FOR years before and after the year 1800 all Europe was filled with war and bloodshed. Most of my readers must have heard of Napoleon Bonaparte, one of the greatest generals that ever lived, and one of the most cruel men. He was at the head of the armies of France, and was fighting all Europe. England was his greatest enemy and fought him on land and sea, and this fighting on the sea made trouble between England and the United States.

The English wanted men for their war-vessels and said they had a right to take Englishmen wherever they could find them. So they began to take sailors off of American merchant vessels. They said that these men were deserters from the British navy, but the fact is that many of them were true-born Americans; and our people grew very angry as this went on year after year.

What made it worse was the insolence of some of the British captains. One of them went so far as to stop an American war-vessel, the "Chesapeake," and demand part of her crew, who, he said, were British deserters.

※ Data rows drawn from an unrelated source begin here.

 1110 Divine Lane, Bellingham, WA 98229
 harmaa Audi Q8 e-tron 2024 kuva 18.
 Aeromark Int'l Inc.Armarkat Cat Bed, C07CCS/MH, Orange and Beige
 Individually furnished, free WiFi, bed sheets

When Captain Barron refused to give them up the British captain fired all his guns and killed and wounded numbers of the American crew. The "Chesapeake" had no guns fit to fire back, so her flag had to be pulled down and the men to be given up.

You may well imagine that this insult made the American blood boil. There would have been war at that time if the British government had not owned that it was wrong and offered to pay for the injury. A few years afterwards the insult was paid for in a different way. Another proud British captain thought he could treat Americans in the same saucy fashion. The frigate "President" met the British sloop-of-war "Little Belt," and hailed it, the captain calling through his trumpet, "What ship is that?"

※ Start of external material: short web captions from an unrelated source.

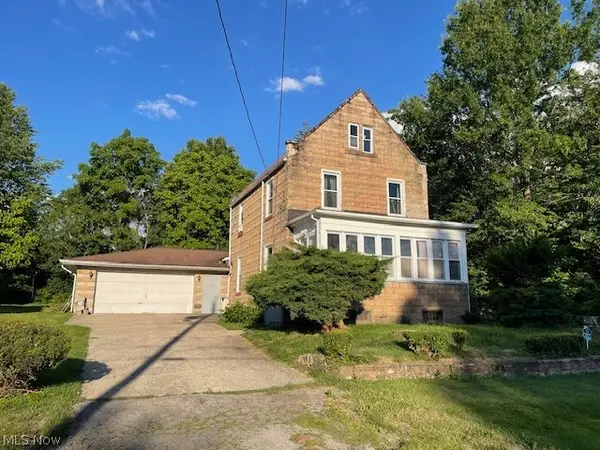 913 Kenneth Street, Youngstown, OH 44505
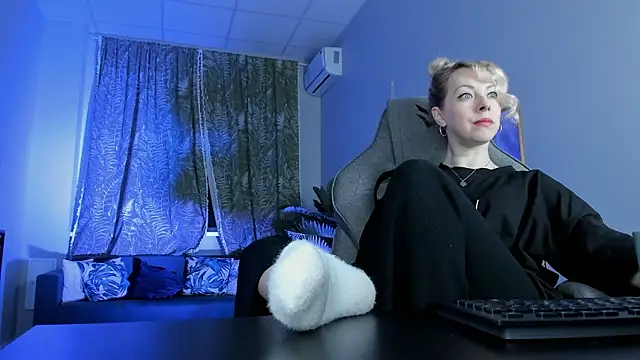 LylithSkye online show from February 21, 11:33 am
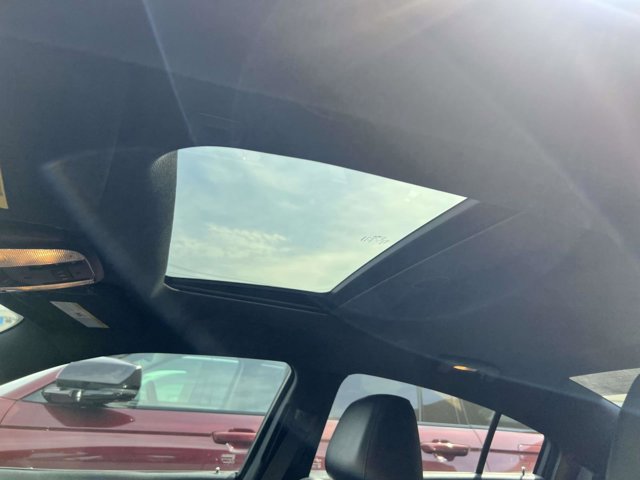 Used 2017 Dodge Charger SXT w/ AWD Plus Group image 20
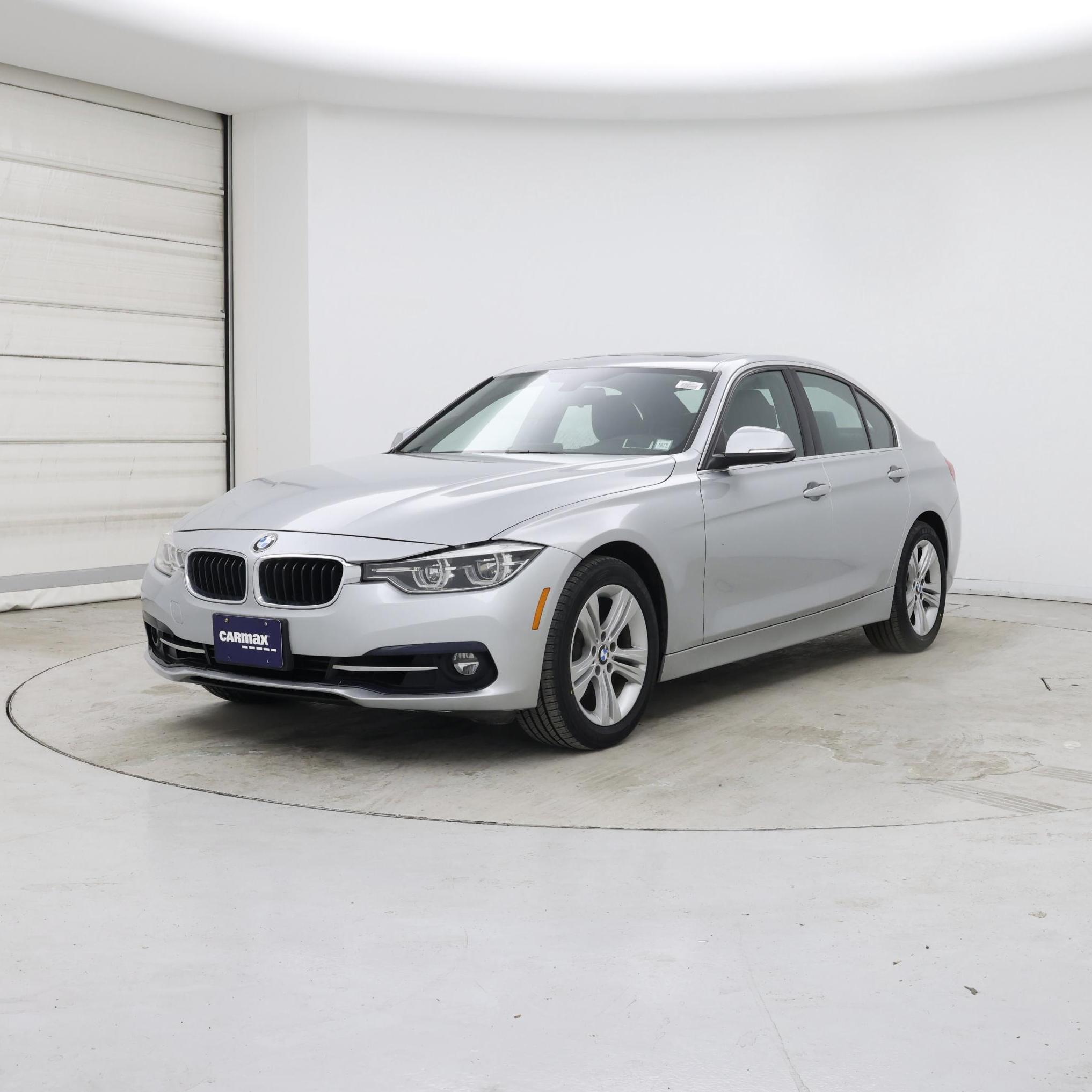 Thumbnail: 2018 BMW 3 Series - 4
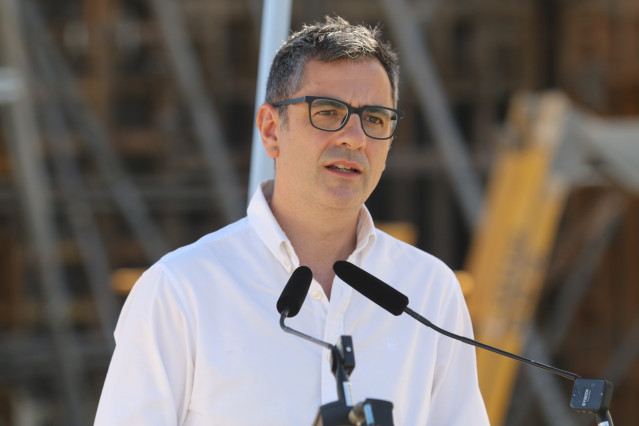 El ministro de la Presidencia, Relaciones con las Cortes y Memoria Democr&aacute;tica en funciones, F&eacute;lix Bola&ntilde;os, atiende a los medios antes de una visita a las obras de la l&iacute;nea de alta velocidad Murcia-Almer&iacute;a a 03 de agosto del 2023 en Cuevas del Almanzora (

Instead of giving a civil reply the British captain answered with a cannon shot. Then the "President" fired a broadside which killed eleven and wounded twenty-one men on the "Little Belt." When the captain of the "President" hailed again the insolent Briton was glad to reply in a more civil fashion. He had been taught a useful lesson.

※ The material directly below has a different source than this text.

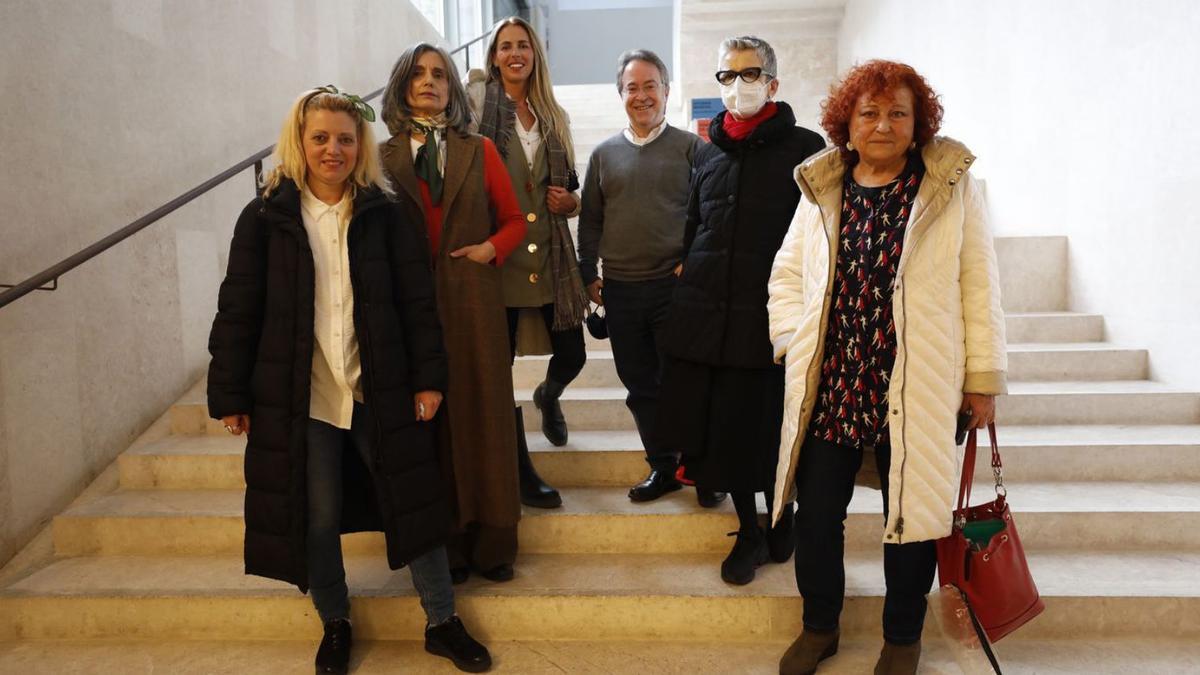 Por la izquierda: las galeristas Marta Fermín, Guillermina Caicoya y Diana Llamazares; el crítico y representante en Asturias del Instituto de Arte Contemporáneo Luis Feás; la directora de la Escuela de Arte de Oviedo, Laura Gutiérrez, y la presidenta de la Asociación de Artistas Visuales de Asturias, Consuelo Vallina, ayer, en el Arqueológico . | Luisma Murias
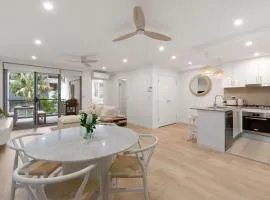 Beach & Lake Narrabeen Apartment with Outdoor BBQ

The United States was then a poor country, and not in condition to go to war. But no nation could submit to such insults as these. It is said that more than six thousand sailors had been taken from our merchant ships, and among these were two nephews of General Washington, who were seized while they were on their way home from Europe, and put to work as common seamen on a British war-vessel.

At length, on June 18, 1812, the United States declared war against Great Britain. It had put up with insults and injuries as long as it could bear them. It did not take long to teach the haughty British captains that American sea-dogs were not to be played with. The little American fleet put to sea, and before the end of the year it had captured no less than five of the best ships in the British navy and had not lost a single ship in return. I fancy the people of England quit singing their proud song, "Britannia rules the waves."

Shall I tell you the whole story of this war? I do not think it worth while, for there is much of it you would not care to hear. The war went on for two years and a half, on sea and land, but there were not many important battles, and the United States did not win much honor on land. But on the sea the sailors of our country covered themselves with glory.

Most of the land battles were along the borders of Canada. Here there was a good deal of fighting, but most of it was of no great account. At first the British had the best of it, and then the Americans began to win battles, but it all came to an end about where it began. Neither side gained anything for the men that were killed.